Structural shrinkage of nonparametric spectral estimators for multivariate time series

TL;DR

This paper introduces a structural shrinkage method for nonparametric spectral estimators of multivariate time series, improving stability and accuracy by leveraging factor-induced spectral structure without explicit factor modeling.

Contribution

It proposes a model-free, asymptotically optimal linear combination of smoothed periodogram and a parametric estimator based on underfitting factor models.

Findings

Shrinkage improves numerical stability of spectral estimators.

Eigenvalue shrinkage reduces mean squared error.
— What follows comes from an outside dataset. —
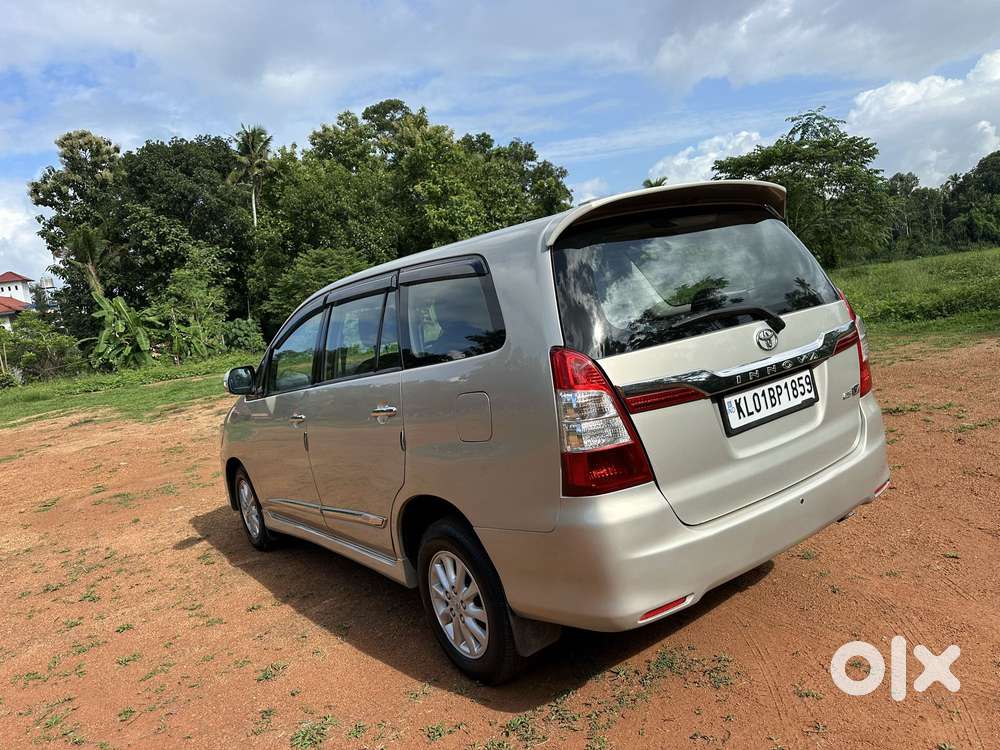 Toyota Innova 2.5 Vx 7 Str Bs-iii, 2014, Diesel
Structural shrinkage outperforms traditional methods in simulations.

Abstract

In this paper we investigate the performance of periodogram based estimators of the spectral density matrix of possibly high-dimensional time series. We suggest and study shrinkage as a remedy against numerical instabilities due to deteriorating condition numbers of (kernel) smoothed periodogram matrices. Moreover, shrinking the empirical eigenvalues in the frequency domain towards one another also improves at the same time the Mean Squared Error (MSE) of these widely used nonparametric spectral estimators. Compared to some existing time domain approaches, restricted to i.i.d. data, in the frequency domain it is necessary to take the size of the smoothing span as "effective or local sample size" into account. While B\"{o}hm and von Sachs (2007) proposes a multiple of the identity matrix as optimal shrinkage target in the absence of knowledge about the multidimensional structure of the data, here we consider "structural" shrinkage. We assume that the spectral structure of the data is induced by underlying factors. However, in contrast to actual factor modelling suffering from the need to choose the number of factors, we suggest a model-free approach. Our final estimator is the asymptotically MSE-optimal linear combination of the smoothed periodogram and the parametric estimator based on an underfitting (and hence deliberately misspecified) factor model. We complete our theoretical considerations by some extensive simulation studies. In the situation of data generated from a higher-order factor model, we compare all four types of involved estimators (including the one of B\"{o}hm and von Sachs (2007)).